VA Accrued Benefits for PTSD

PTSD Claims and Accrued Benefits for Dependents

I have a letter I want to share regarding mental disabilities and the timing of VA claims. After the letter, I’ll respond and tell you how those things can interact with each other. I’ll specifically discuss how accrued benefits can be obtained for dependents of Veterans, and what you need to know before filing a claim.

Dear VA Guy,

The father of my daughter was a US Marine and he served from 2006 to 2010. My daughter was born in March prior to her father’s death. The father suffered from PTSD and filed a claim for service-connected PTSD, but died prior to receiving any award. My daughter’s father went for a PTSD exam and the VA diagnosed him with ADHD, not PTSD. I’m doing the best I can to raise my daughter alone. On behalf of my daughter, I applied for accrued benefits from the VA but they denied me. Can you help?

What Are Accrued Benefits?

Accrued benefits are funds to which a payee is entitled to receiving at his or her death. In this instance, the daughter of the Veteran may be entitled to accrued benefits based on an existing VA disability rating or based upon evidence in the VA files at the time of death. Accrued benefits may be paid to a spouse, children, or the Veterans dependent parents.

The timing of an accrued benefits application is crucial. An application for accrued benefits must be filed within one year of the death of the Veteran. A claim for death pension, disability, or DIC is deemed to include a claim for any accrued benefits. If you have a compensation claim that has been completed, just not rewarded, accrued benefits can go to your family if they file for those within a year of your death.

Since the mother in this case was the custodian of the Veteran surviving child, she was entitled to file a claim on behalf of her daughter. The question is whether she filed the claim for accrued benefits within a year of the Veterans death. This is where we get into those crucial timing issues.
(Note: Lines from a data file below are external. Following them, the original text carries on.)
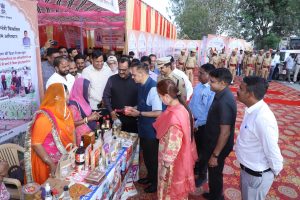 मुख्यमंत्री विकसित ग्राम अभियान: मुख्य सचिव श्री वी. श्रीनिवास ने राजसमंद के गुंजोल में लिया ग्राम सभा में भाग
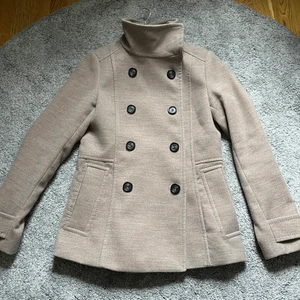 Kappa  - Kappa från H&M i stl 38, i fint skick.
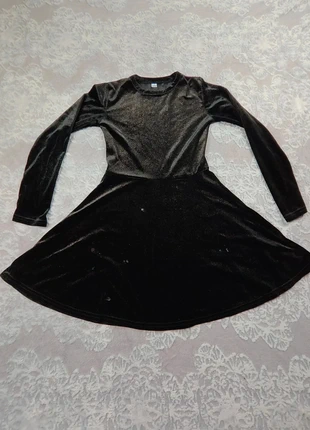 Robe noire pailletée - Taille 134/140 - État satisfaisant, marca: Zeeman, estado: Satisfatório, tamanho: 9 anos / 134 cm, €2.00, €2.80 inclui Proteção do Comprador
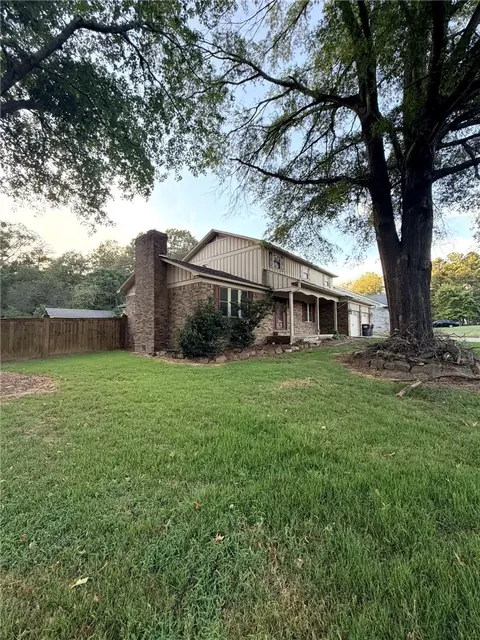 242 S Cumberland, Russellville, AR 72801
You only have one year and there are no exceptions.

Verifying PTSD for VA Claims

Assuming the application for accrued benefits was filed within one year of the Veterans passing, what’s the next step here? We first need to ensure that there was evidence of a service-connected disability for this Veteran. Then we have to determine whether that service-connected disability caused his death in some way.

We would first want to look at the death certificate and see what it says as far as the case of death. If the immediate cause of death was a car accident, it’s going to be tough to get accrued benefits since that was an accident and not likely due to any service-connected injury or disability. The death has to be connected to whatever claim you’re making with the VA.

Service connection must already be established at the time of death. Service connection, aka “nexus,” for PTSD requires medical evidence diagnosing the condition. There must be a verified diagnosis of PTSD and a connection must be established between that diagnosis and the Veterans service. You must have credible supporting evidence of a stressor during service that caused the PTSD. You must clearly state what was witnessed or experienced during service to cause this traumatic stress.

When a claim is submitted, the VA will look at the Veterans medical records to see if a medical diagnosis for PTSD examination is in the records. In this case, it appears that a VA psychologist did perform a screening and issued a diagnosis of ADHD instead of PTSD. That carries a lot of weight because that examiner would have considered everything that was in the Veterans file.

If there is no evidence for PTSD or a medical diagnosis, you’re not going to be able to get accrued benefits for it. Additionally, there is no evidence that a service-connected disability or injury caused the Veterans death. This is likely why the claim was denied. Situations like this are very unfortunate, but this is why we try to educate Veterans and their spouses as much as possible. Having that information will hopefully allow you to make informed decisions to get claims approved before something tragic happens.

Contact Us So We Can Help!

If you need assistance with VA benefits for Veterans, spouses of Veterans, or children of Veterans, complete this form or give us a call at (229) 226-8183. If you’d like to see this blog in video format, you can watch it below. Please be sure to SUBSCRIBE to our YouTube channel and click the bell notification button so that you’re notified each time we publish a new video.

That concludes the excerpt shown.